PrometheusRule template: see references/alert-patterns.md
Severity and for Duration
| Severity | for Duration | Use Case | Routing |
|---|
critical | 2m-5m | Service down, data loss risk | Discord |
warning | 5m-15m | Degraded performance, limits | Discord |
info | 10m-30m | Informational, non-urgent | Silenced by InfoInhibitor |
Guidelines: for: 0m only for instant failures (e.g., SMART fail). Most alerts: 5m default. Flap-prone metrics (error rates, latency): 10m-15m. Use 5m for absence detection.
Alert Grouping
Group related alerts in named rule groups — affects Prometheus UI ordering:
spec:
groups:
- name: cilium-agent
rules: [...]
- name: cilium-bpf
rules: [...]
See [references/alert-patterns.md] for common alert patterns (down, error rate, latency, capacity, PVC), annotation template functions, and recording rule examples.

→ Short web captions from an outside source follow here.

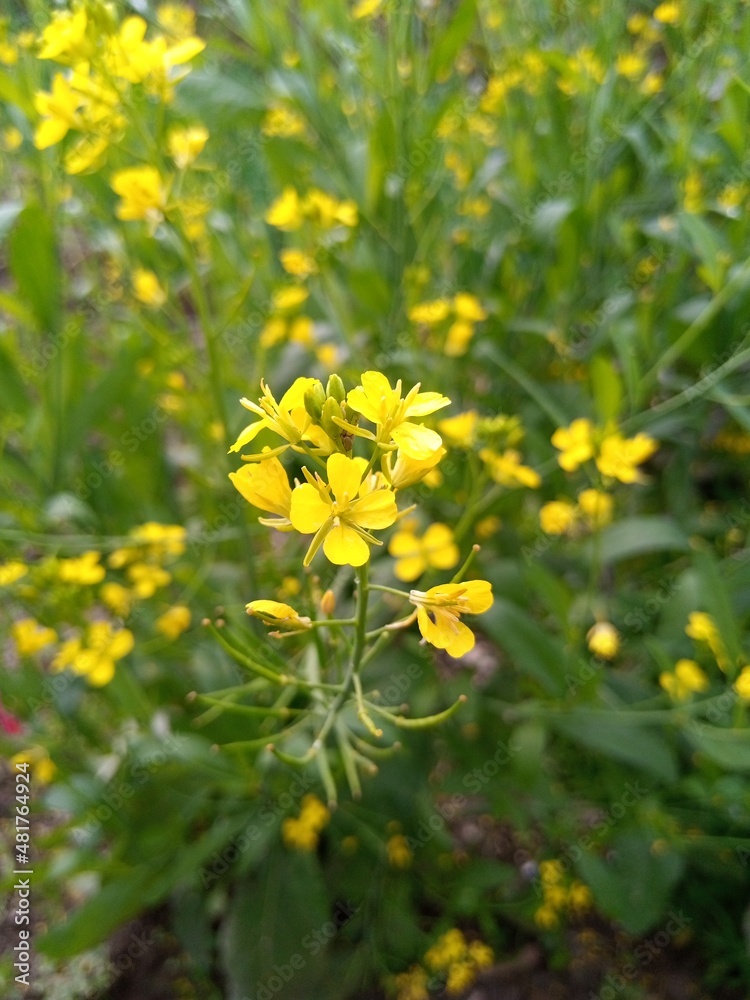 bright yellow mustard flowers close up view bright yellow mustard flowers close up view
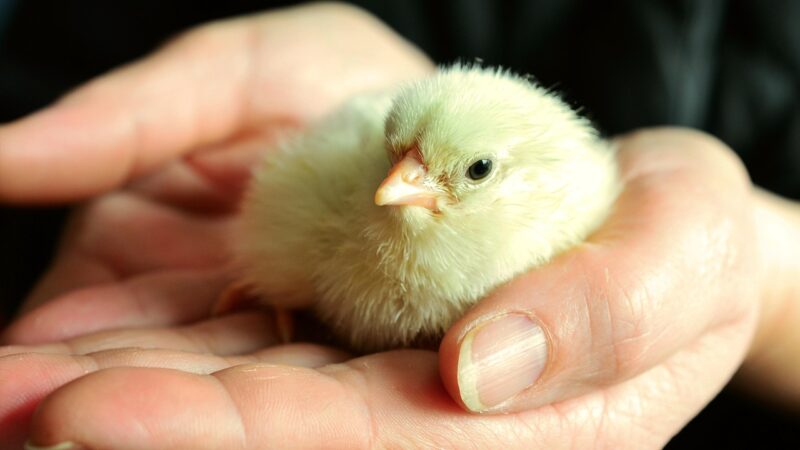 Halfway Hatched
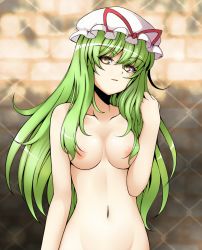 Rule 34 | 1girl, alternate hair color, aogu, breasts, censored, convenient censoring, female focus, green hair, groin, hat, large breasts, long hair, navel, smirk, solo, topless frame, touhou, upper body, yakumo yukari, yellow eyes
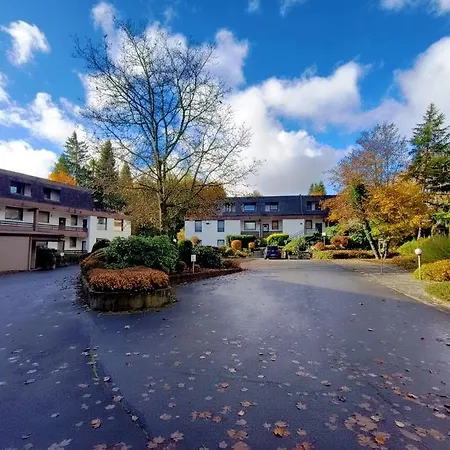 公寓 Osternest - Gemuetlich, Familienfreundlich, Pool, Sauna, Elektrokamin, Wlan Nahe Dem Skiliftkarussell *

ServiceMonitor and PodMonitor
Via Helm Values (Preferred)
serviceMonitor:
enabled: true
interval: 30s
scrapeTimeout: 10s
Manual ServiceMonitor
Place in monitoring namespace; use namespaceSelector to reach target namespace. Required label: release: kube-prometheus-stack.
---
apiVersion: monitoring.coreos.com/v1
kind: ServiceMonitor
metadata:
name: <component>
namespace: monitoring
labels:
release: kube-prometheus-stack
spec:
namespaceSelector:
matchNames: [<target-namespace>]
selector:
matchLabels:
app.kubernetes.io/name: <component>
endpoints:
- port: http-monitoring
path: /metrics
interval: 30s
Manual PodMonitor
Use when pods expose metrics but don't have a Service (DaemonSets, sidecars). Same pattern as ServiceMonitor with podMetricsEndpoints instead of endpoints, and numeric ports quoted: port: "15020". For matchExpressions selecting multiple values, see any existing Flux PodMonitor in config/monitoring/.
See [references/alertmanagerconfig-reference.md] for AlertmanagerConfig routing, Silence CR templates, and matcher reference.
Canary Health Checks
Canary resources live in config/canary-checker/ (platform) or alongside app config.
HTTP health check:
---
apiVersion: canaries.flanksource.com/v1
kind: Canary
metadata:
name: http-check-<component>
spec:
schedule: "@every 1m"
http:
- name: <component>-health
url: https://<component>.${internal_domain}/health
responseCodes: [200]
maxSSLExpiry: 7
thresholdMillis: 5000
Kubernetes resource check with CEL (preferred over ready: true — avoids penalizing pods with restart history):
spec:
interval: 60
kubernetes:
- name: <component>-pods-healthy
kind: Pod
namespaceSelector:
name: <namespace>
resource:
labelSelector: app.kubernetes.io/name=<component>
test:
expr: >
dyn(results).all(pod,
pod.Object.status.phase == "Running" &&
pod.Object.status.conditions.exists(c, c.type == "Ready" && c.status == "True")
)
canary_check == 1 triggers CanaryCheckFailure (critical, 2m). No per-canary alert needed.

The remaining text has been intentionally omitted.